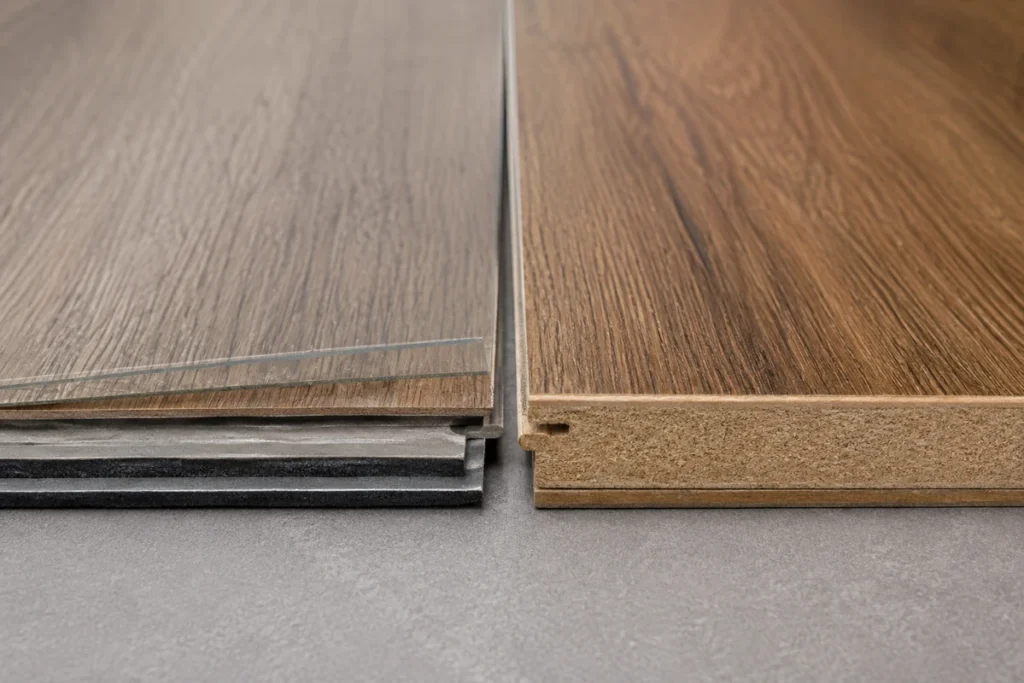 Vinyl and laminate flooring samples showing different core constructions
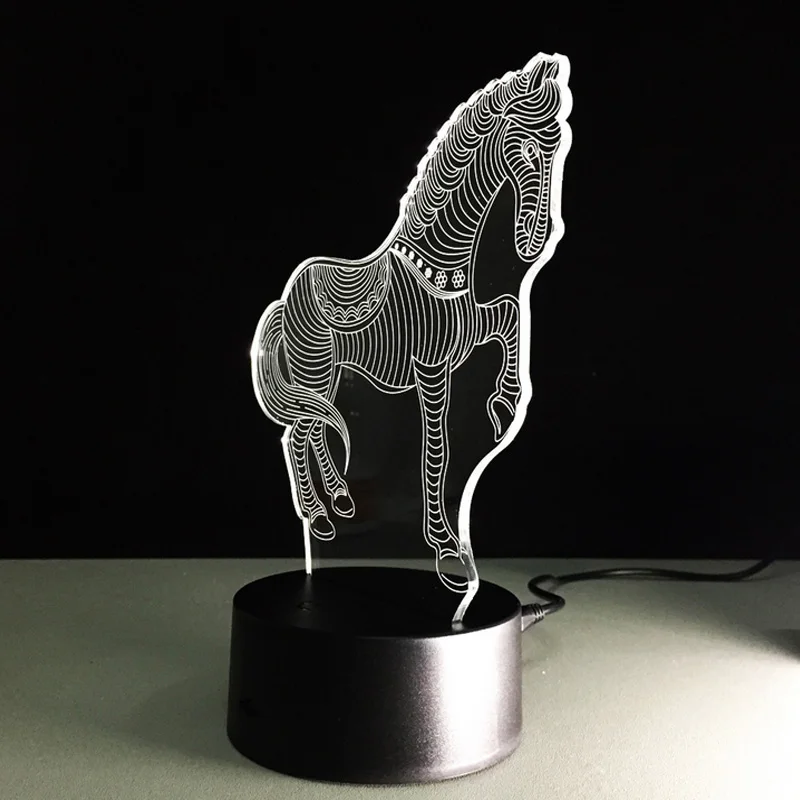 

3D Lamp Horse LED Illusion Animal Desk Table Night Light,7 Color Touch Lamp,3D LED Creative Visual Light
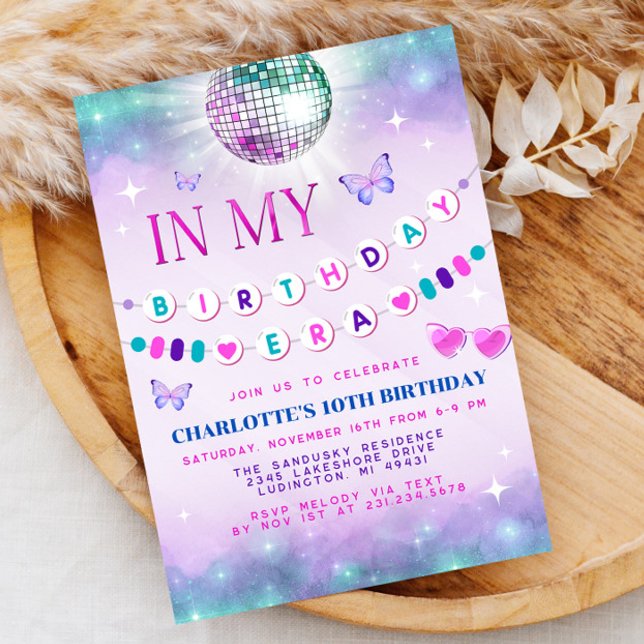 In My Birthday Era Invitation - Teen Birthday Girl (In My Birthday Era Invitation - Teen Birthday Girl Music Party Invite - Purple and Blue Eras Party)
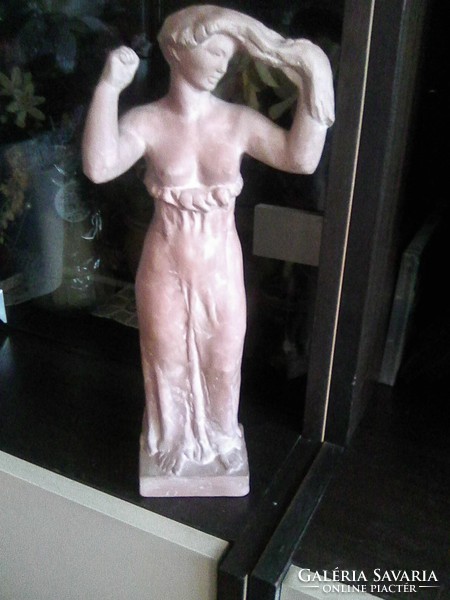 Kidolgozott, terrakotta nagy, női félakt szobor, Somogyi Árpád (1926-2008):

EXERCISE AIM - Once the images are dropped, set down the remaining material word for word.

WRITTEN RESPONSE -
 Vinyl and laminate flooring samples showing different core constructions

3D Lamp Horse LED Illusion Animal Desk Table Night Light,7 Color Touch Lamp,3D LED Creative Visual Light
 In My Birthday Era Invitation - Teen Birthday Girl (In My Birthday Era Invitation - Teen Birthday Girl Music Party Invite - Purple and Blue Eras Party)
 Kidolgozott, terrakotta nagy, női félakt szobor, Somogyi Árpád (1926-2008):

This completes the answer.